Try it: Each line of the material must be reproduced exactly; pictures stay out.

BEGIN Supplied information

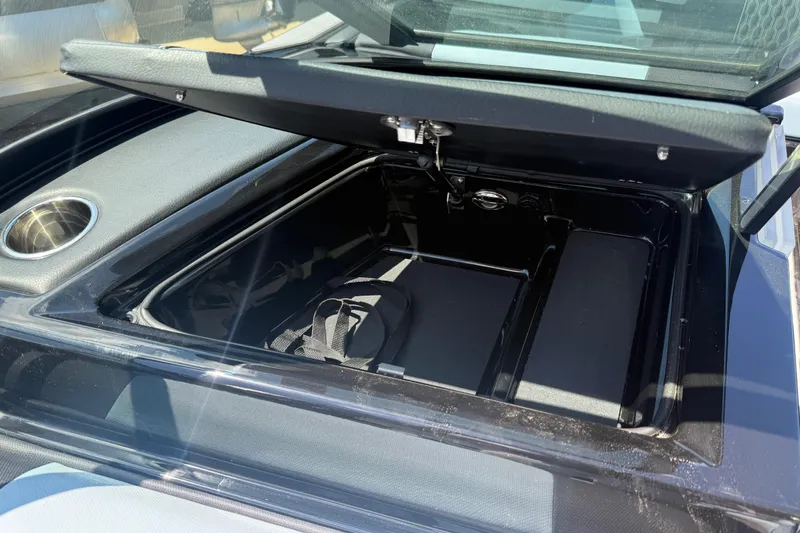 Slide: The Image of Open storage compartment in 2022 MasterCraft XT24 boat, showcasing interior space. - 19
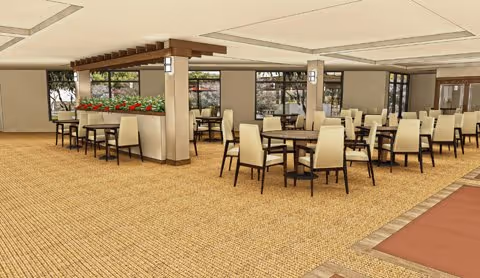 Spacious dining area with multiple round tables and beige cushioned chairs arranged neatly on a carpeted floor. The room features large windows allowing natural light to enter, and a decorative wooden beam structure with plants underneath separates part of the space.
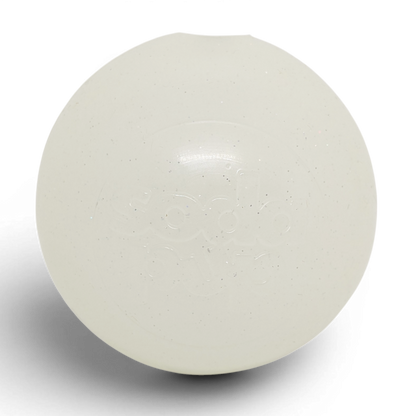 SodaPup Glitter Ball in glow in the dark, off-white in daylight, front view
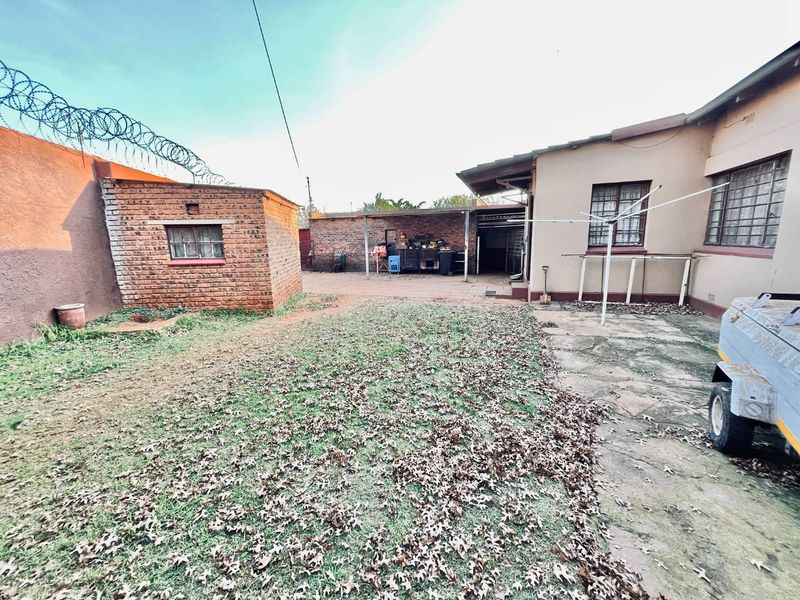 Rear exterior view featuring a brick outbuilding, paved patio area, and security fencing with razor wire.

END Supplied information

Solved problem:
 Slide: The Image of Open storage compartment in 2022 MasterCraft XT24 boat, showcasing interior space. - 19
 Spacious dining area with multiple round tables and beige cushioned chairs arranged neatly on a carpeted floor. The room features large windows allowing natural light to enter, and a decorative wooden beam structure with plants underneath separates part of the space.
 SodaPup Glitter Ball in glow in the dark, off-white in daylight, front view
 Rear exterior view featuring a brick outbuilding, paved patio area, and security fencing with razor wire.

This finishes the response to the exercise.